Posted March 26, 2013

As The Ball Moves, So Do Indiana’s Hopes Of Advancement

March Madness, NCAA Tournament
Ball movement will be key for Indiana as it gets ready to tackle Syracuse's 2-3 zone defense. (Jason Miller/Getty Images)

Ball movement will be key for Indiana as it gets ready to tackle Syracuse’s 2-3 zone defense. (Jason Miller/Getty Images)

DAYTON, Ohio — The principal focus after Indiana’s escape from Temple on Sunday was Victor Oladipo knocking down the backbreaking three-pointer with under 15 seconds left. The shot was widely hailed as validation for all of the hard work Oladipo has put in to develop his offensive game.

Less was made of the pass from Cody Zeller, out of a double team in the post, that found Oladipo wide open at the top of the key. Perhaps that’s because there wasn’t anything particularly special about the pass. Zeller certainly has the capability to find that play, and Oladipo was totally uncovered.

The sequence, though, was bigger than that, because it underscored the way Indiana wants to play, but doesn’t always manage to in the halfcourt. Do a Google search for “Indiana” and “ball movement,” and the phrase will come up repeatedly in Hoosier game stories and features. They’re not a team of slashers, so when they don’t play inside-out and move the ball quickly, the offense can get stagnant. With their season squarely on the line, in a game in which they had spells of lazy offense, they did just that.

“We needed to keep the ball moving more offensively [at times]. Play through the post. When we were playing through the post, we were doing great, but the ball needs to move,” head coach Tom Crean said afterward. “We’re not a team that settles in. It’s gotta be flying around and that’s when we’re at our best.”

In the sloping concourse of University of Dayton Arena after the game, Crean expressed his dissatisfaction with some of the way Indiana had attacked Temple, particularly in the homestretch of the first half, when the Hoosiers saw a nine-point lead dissipate. Ball movement stopped, several possessions ended with one pass and a shot, and the Owls ground their way back into the game.

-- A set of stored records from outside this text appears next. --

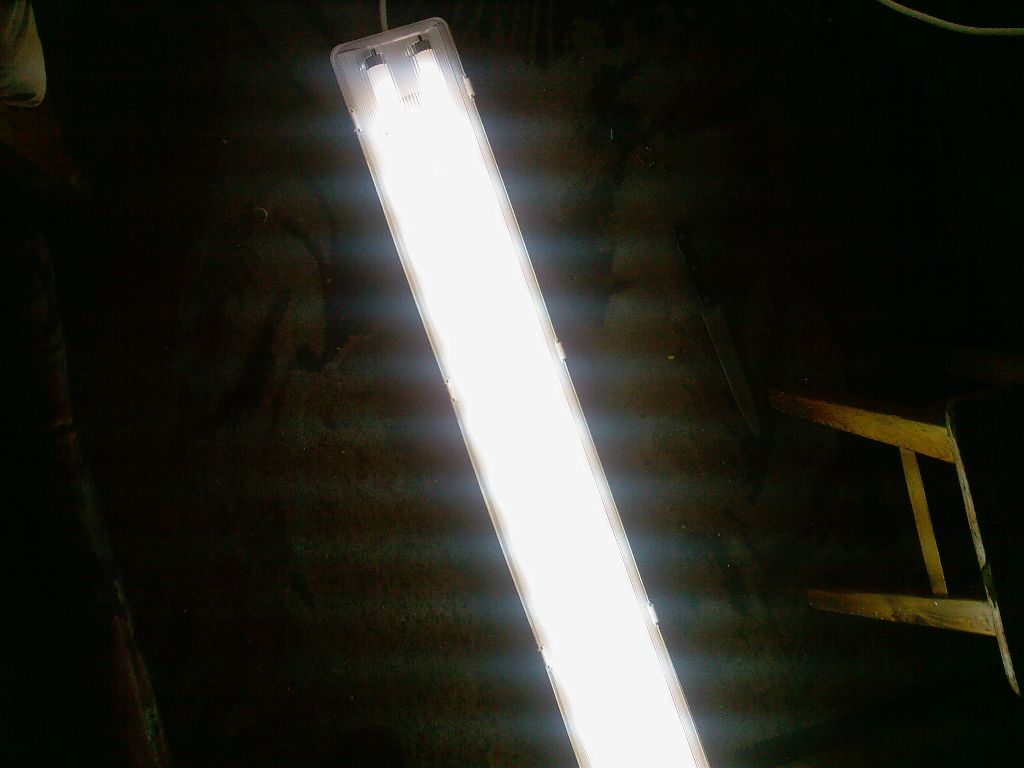 Workshop-Lamp 04.jpg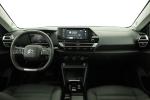 citroen-c4-2024-gasolina-1199cc
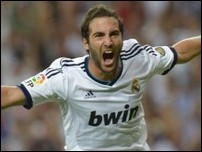 ������� ������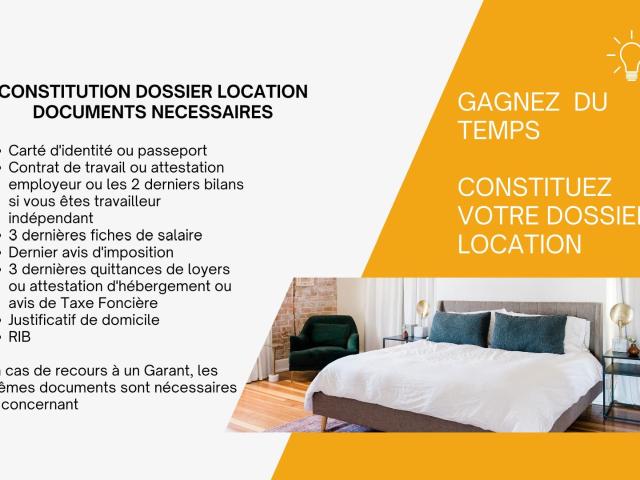 Location Appartement Rue des Fleurs, Mulhouse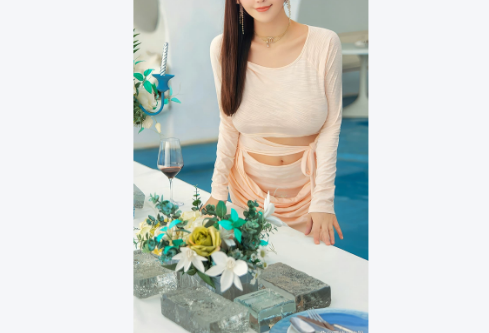 1767090017690130.png image.png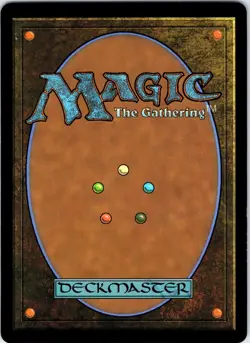 Patchwork Banner 247 Uncommon Bloomburrow Magic: The Gathering Near Mint - Image 2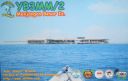 Filename=OC-186.jpg
Filesize=151KiB
Dimensions=611x390
Date added=Jun 25, 2018 OC-186.jpg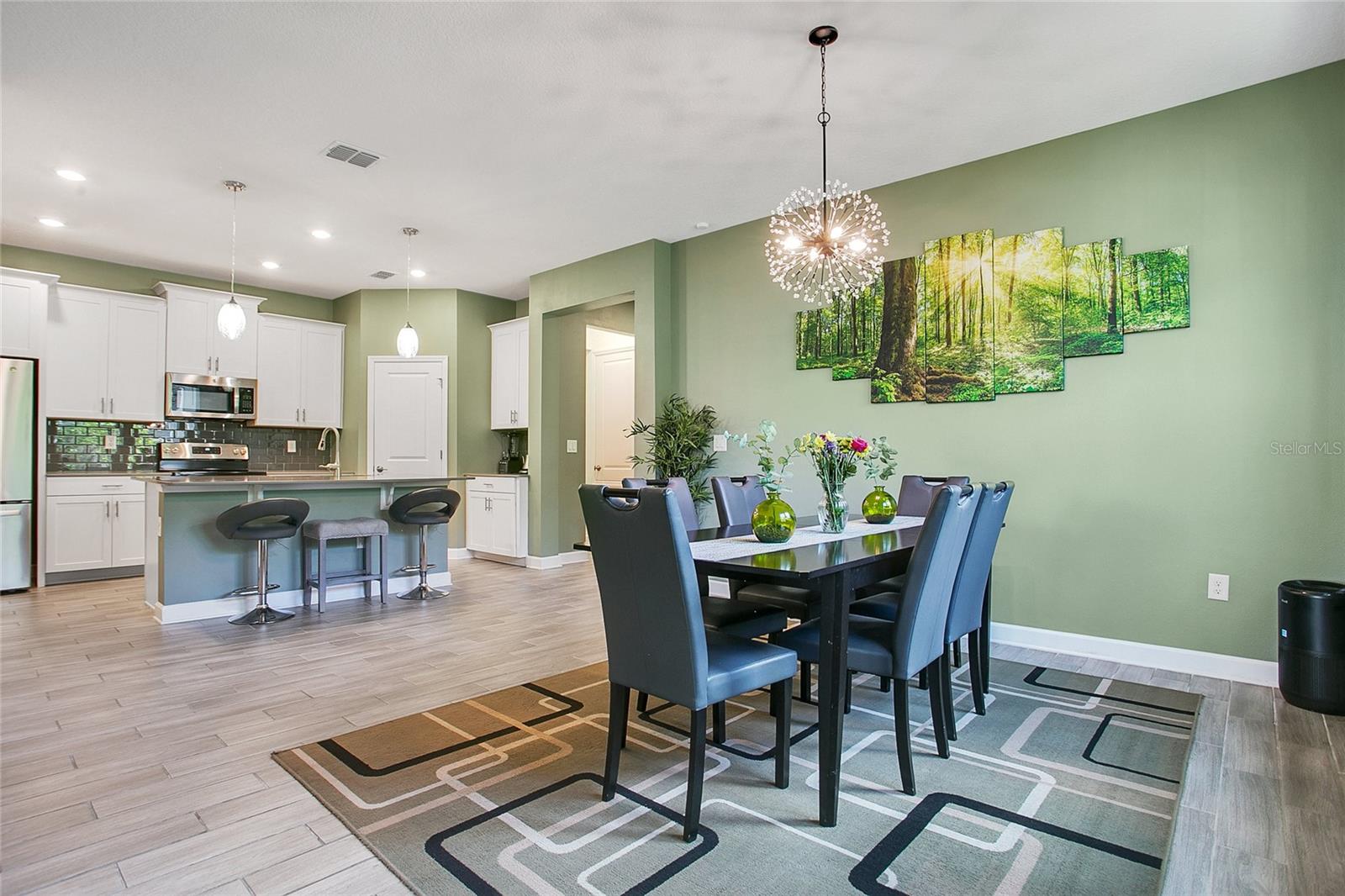 ARDEN PARK NORTH PH 5 - Residential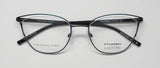 Lightec 30175l Eyeglasses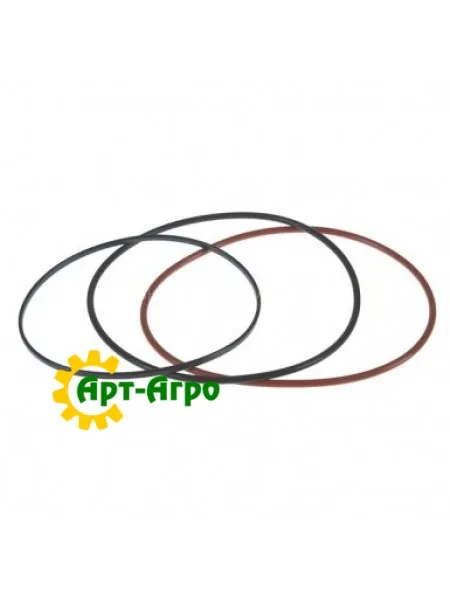 AR98850 John Deere cylinder repair kit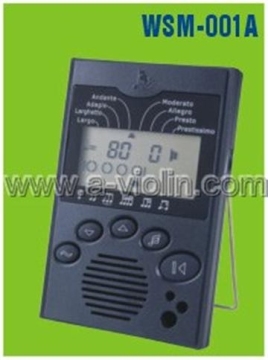 Metronome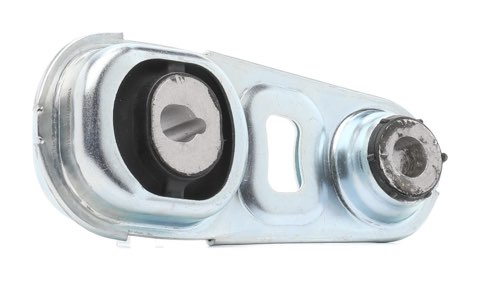 Ridex 247E0893 Engine Mount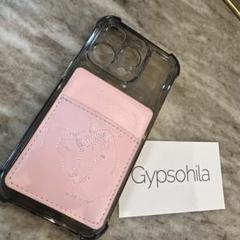 ファッション通販 2025年最新】ジプソフィア iphone メルカリ - ケースの人気アイテム iPhoneアクセサリー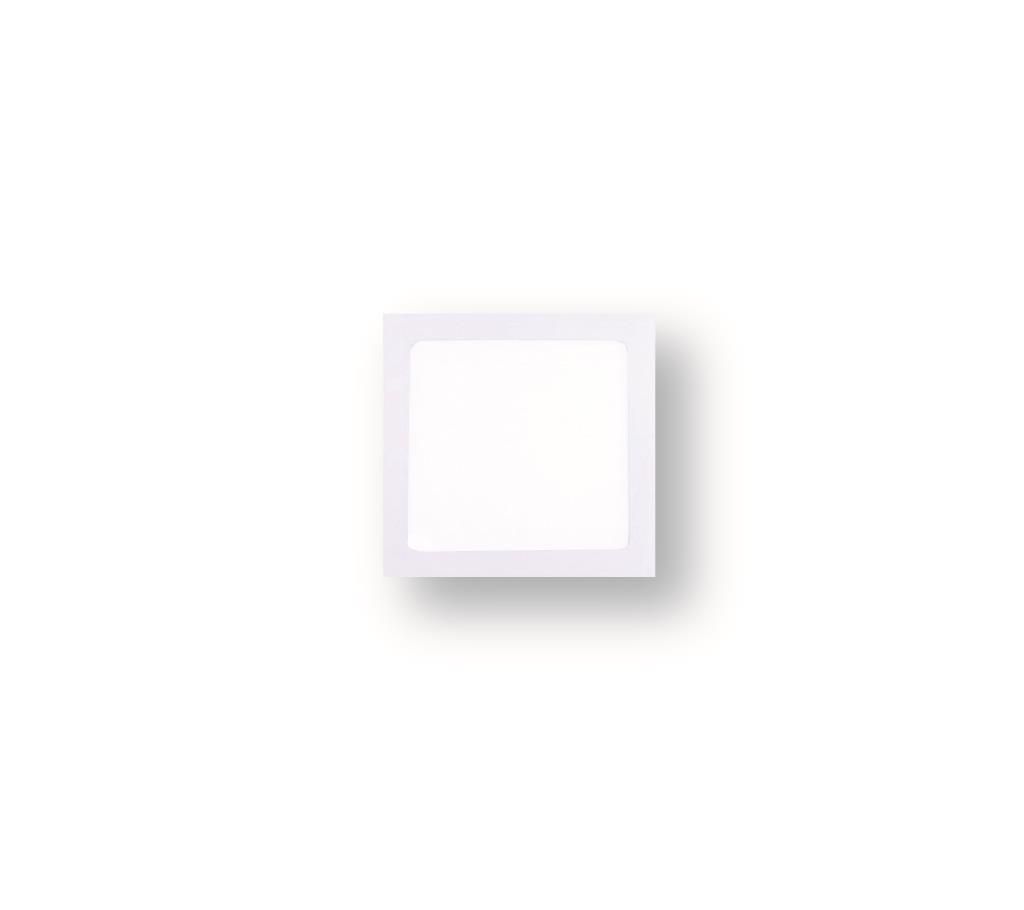 Sine Energy Slim Down Light6W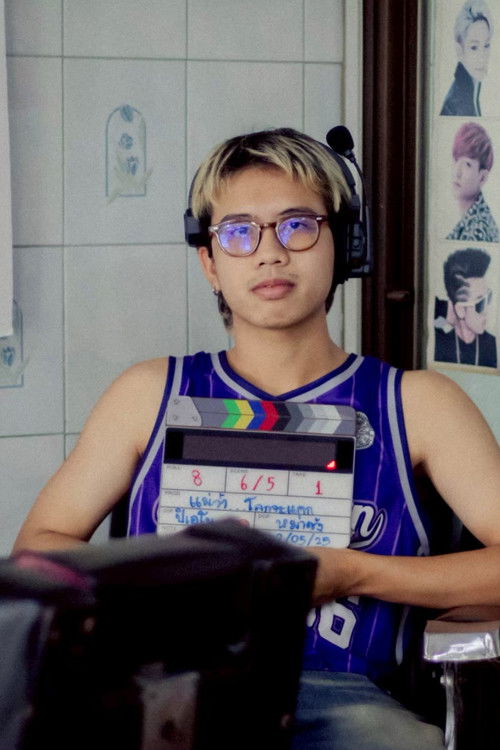 Jирапан Гаттим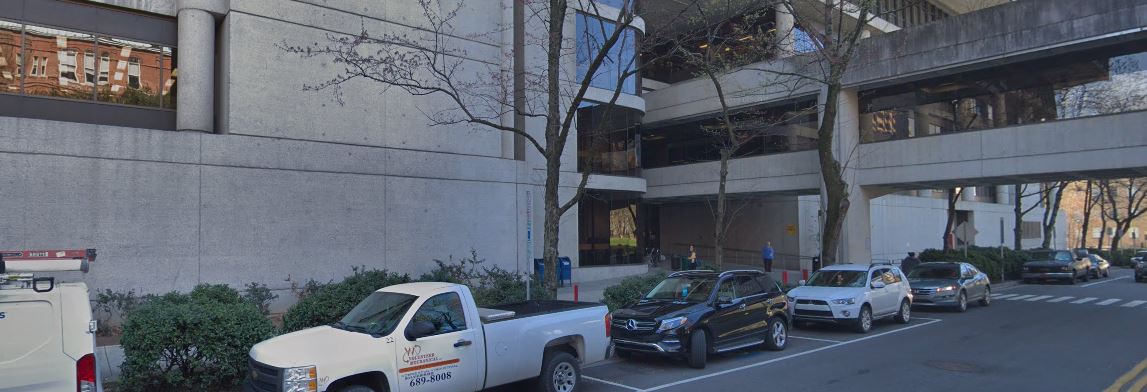 Knox County Jail TN Recent Arrests and Bookings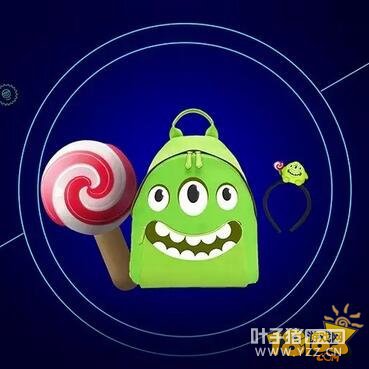 �������սCEST���������������⻷���ӳ齱ָ��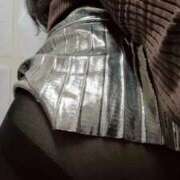 ヒメ日記 2025/01/06 11:52 投稿 朝夏 ゆりあ 神戸RED DRAGON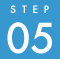 STEP05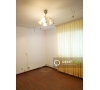 Spatiu comercial 40 mp de vanzare in zona Hala Centrala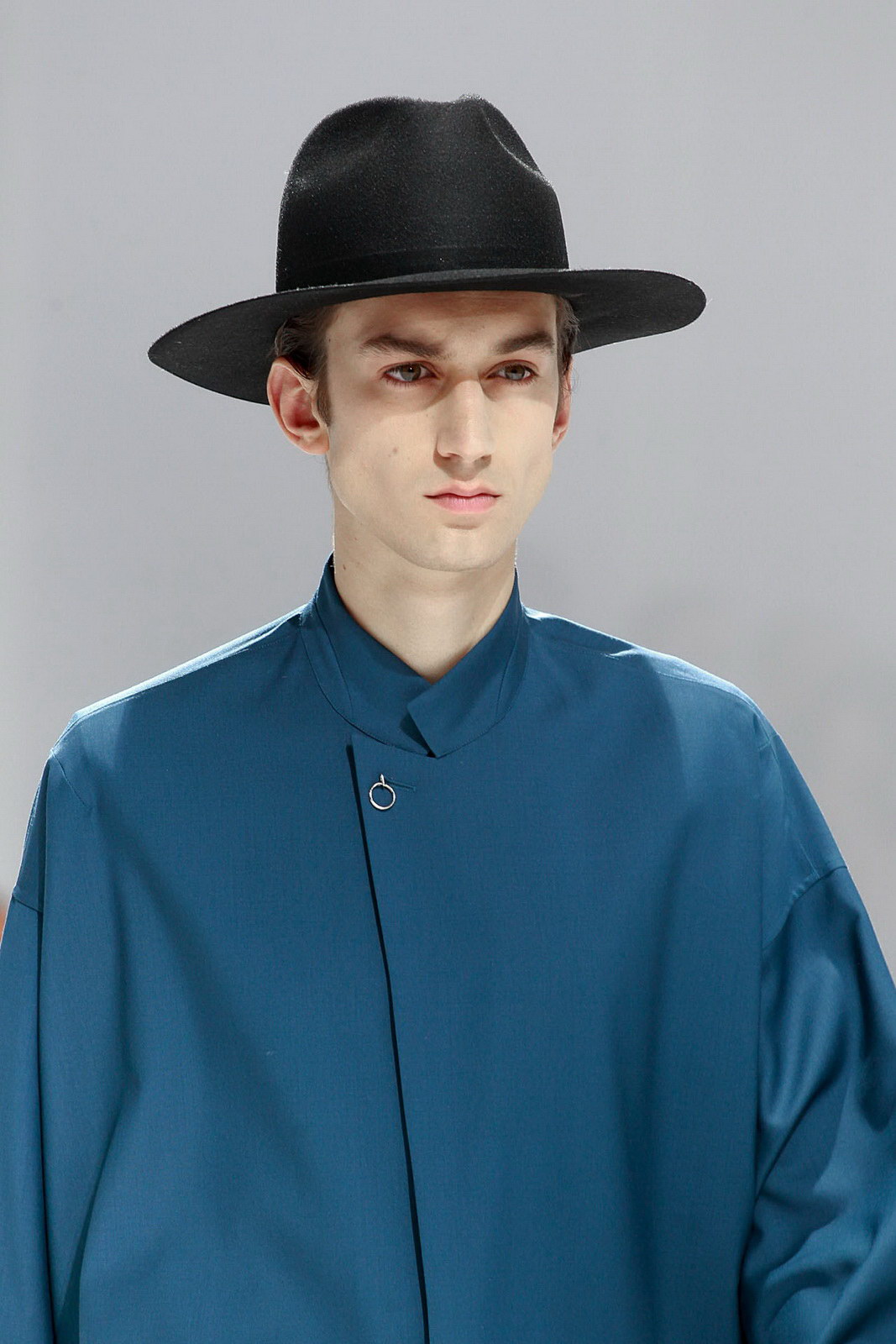 Dior Homme 2012bDƬ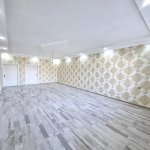 Satılır 4 otaqlı Həyət evi/villa, Binə qəs., Xəzər rayonu 11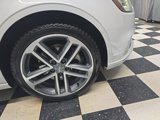 Used 2018 Audi A3 2.0T Premium image 4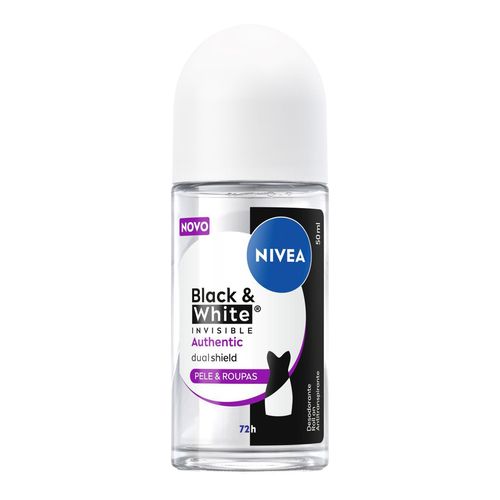 934267---desodorante-rollon--black--white-invisible-authentic-nivea-bdf-nivea-1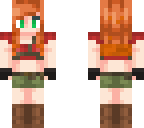 ruby edit
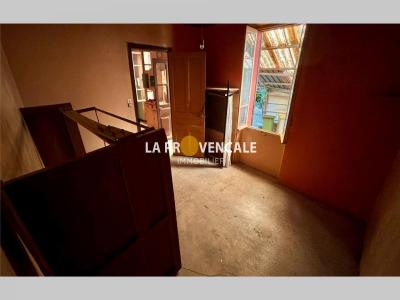 Acheter Maison Mimet 371000 euros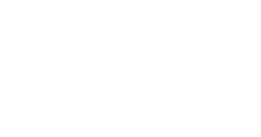 山東濟(jì)寧魯超超聲設(shè)備公司專(zhuān)業(yè)生產(chǎn)硅片清洗機(jī),鋼板測(cè)厚儀,漆膜測(cè)厚儀,電火花檢漏儀,鋼板測(cè)厚儀,硅片甩干機(jī)。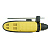 Перфоратор SDS Plus Hanskonner HRH1824BL Unibattery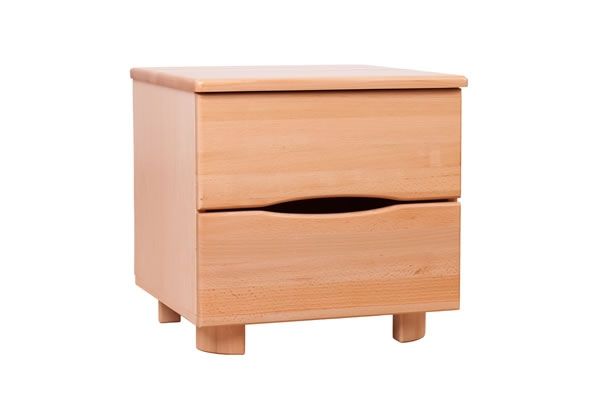 Тумба Делта -59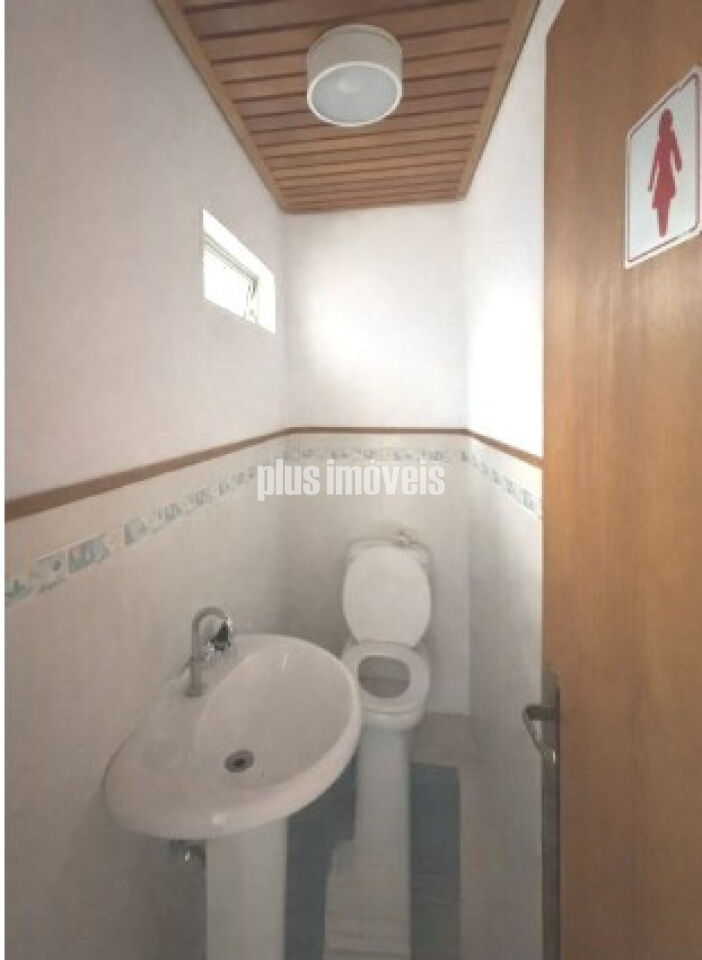 Prédio Inteiro, 540 m² - Foto 7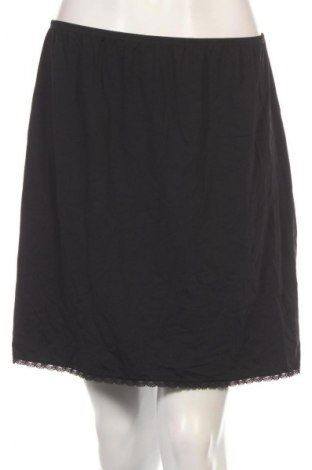 Дамско бельо Calida, Размер M, Цвят Черен, Цена 62,99 лв.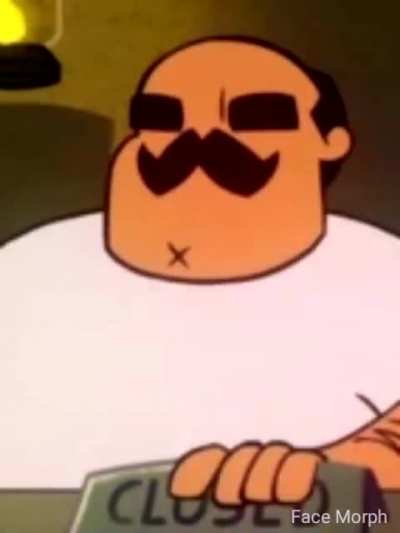 THE REVEAL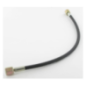 Hydraulikschlauch 360 mm – ETESIA – Referenz ET27018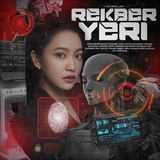 rekber_yeri | Unsorted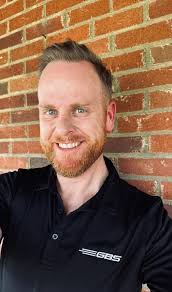 Stark County Human Resource Association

His halftime message to his team was that they needed to get back to the approach that gave them the 20-11 lead to begin with, and that regardless of what approach Temple was taking defensively, the onus was on the Hoosiers to stick with their preferred plan of attack.

“We weren’t playing the right way. It’s not the first time, it won’t be the last,” Crean said.

“If it’s 5-on-5, just move the ball. Screen, cut, pass it, swing it,” he added. “And don’t rely on anyone but the body movement and the ball movement to make a play.”

Next up is Syracuse, with its famous 2-3 zone and defenders with length and athleticism that tests the ball movement of any team. The Orange zone can be exploited, especially if you have options who can catch and pass in the high post like Indiana does. See what Louisville did in the second half of the Big East title game for an extreme example of how to open the zone up. The approach against a zone is different but, at a base level, Indiana’s success still will come from ball movement into the post, this time more often into the high post in the belly of the zone.

Zeller will be a huge component of this approach, and Indiana faithful are hoping his postgame comments are as nonplussed as they were after Oladipo’s big shot.

“We set a cross screen and I caught it in the post, and good things happen when we throw it in the post,” Zeller said. “There was two of their guys on me, and I just found the open guy.”

Sounds simple, right? On nights when Indiana comes close to it for 40 minutes, things usually are just that.